*** Opening of RECORDS SUPPLIED ***

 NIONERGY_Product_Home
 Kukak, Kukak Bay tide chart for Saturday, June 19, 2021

*** Close of RECORDS SUPPLIED ***
*** Opening of RECORDS SUPPLIED ***

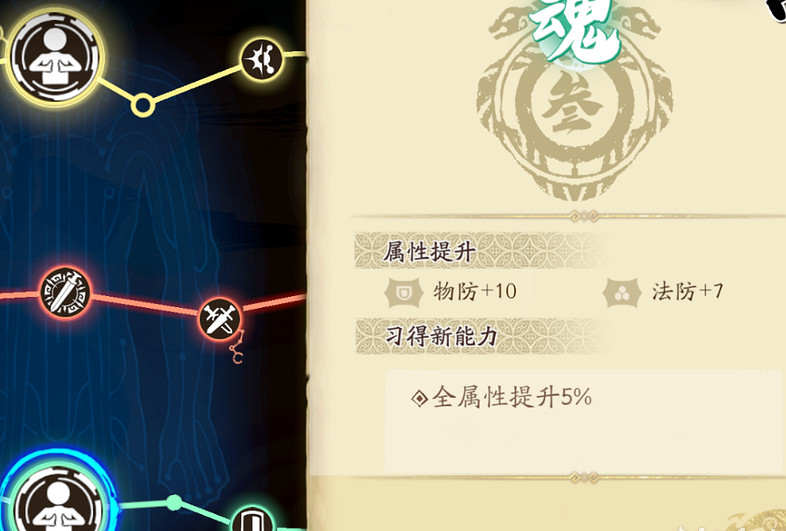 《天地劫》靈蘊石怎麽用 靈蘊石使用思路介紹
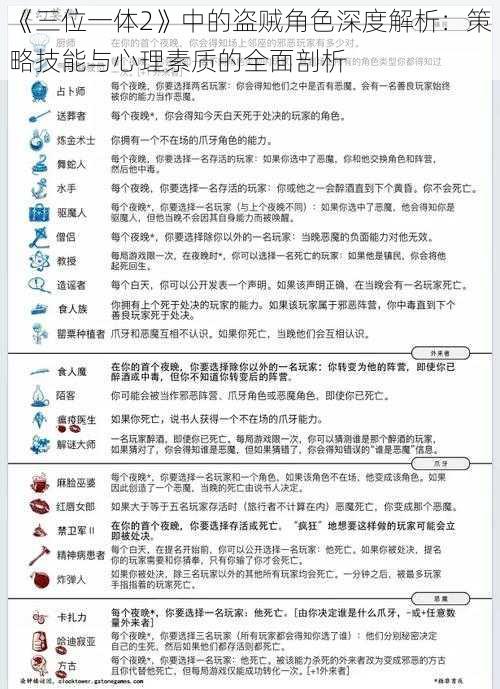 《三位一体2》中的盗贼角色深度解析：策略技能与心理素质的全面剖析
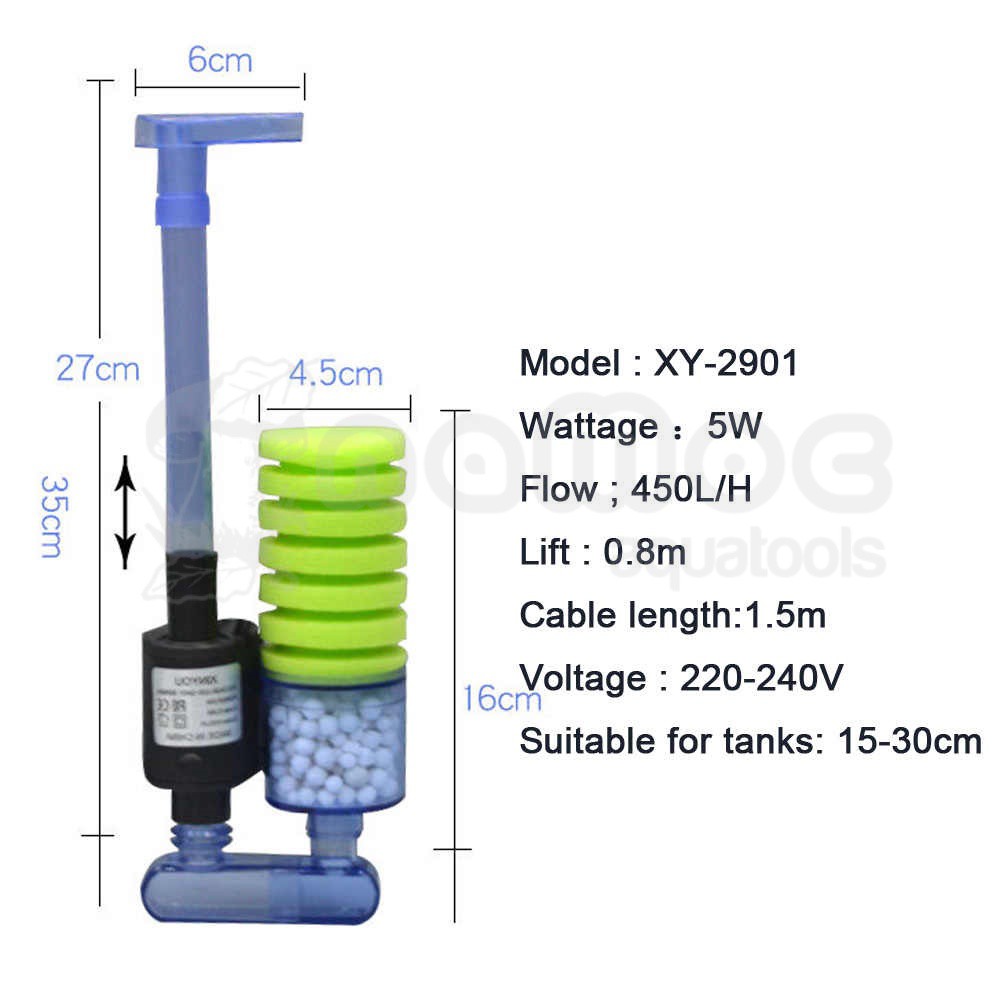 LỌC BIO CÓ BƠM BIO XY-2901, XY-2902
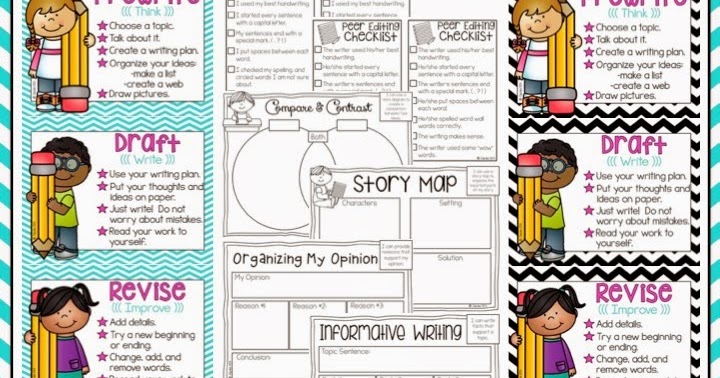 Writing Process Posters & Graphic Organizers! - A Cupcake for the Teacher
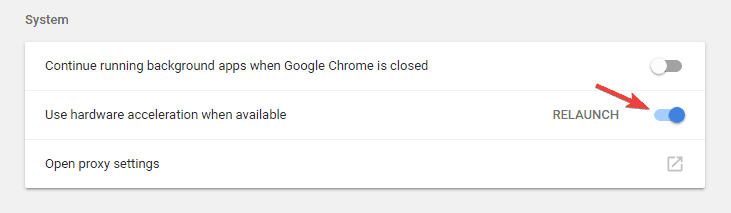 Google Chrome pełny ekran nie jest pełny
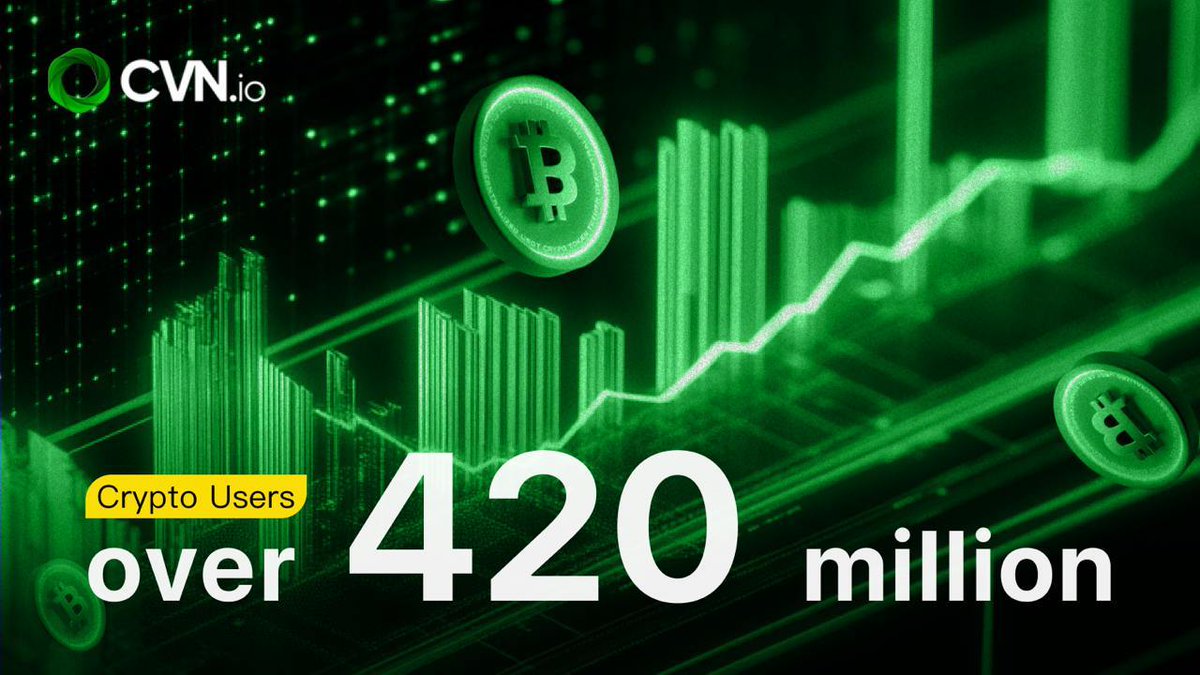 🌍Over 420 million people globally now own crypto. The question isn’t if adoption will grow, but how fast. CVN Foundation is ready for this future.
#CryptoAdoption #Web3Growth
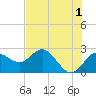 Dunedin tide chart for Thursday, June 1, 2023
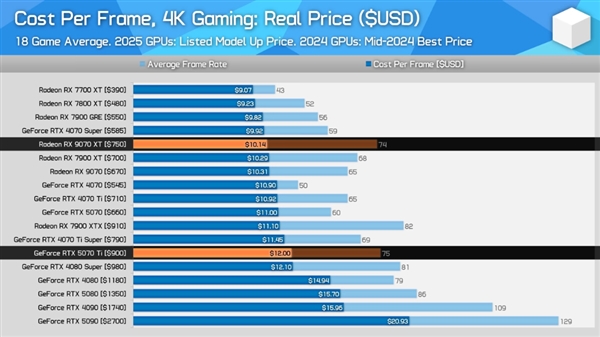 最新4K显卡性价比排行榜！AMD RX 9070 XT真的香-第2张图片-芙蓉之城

*** Close of RECORDS SUPPLIED ***

### WHAT TO DO
Within the listing above, copy exactly the lines that start at the one with "Writing Process Posters" and continue through the one with "Google Chrome pełny ekran nie jest pełny". Omit pictures.

### ANSWER TO THE PROBLEM
 Writing Process Posters & Graphic Organizers! - A Cupcake for the Teacher
 Google Chrome pełny ekran nie jest pełny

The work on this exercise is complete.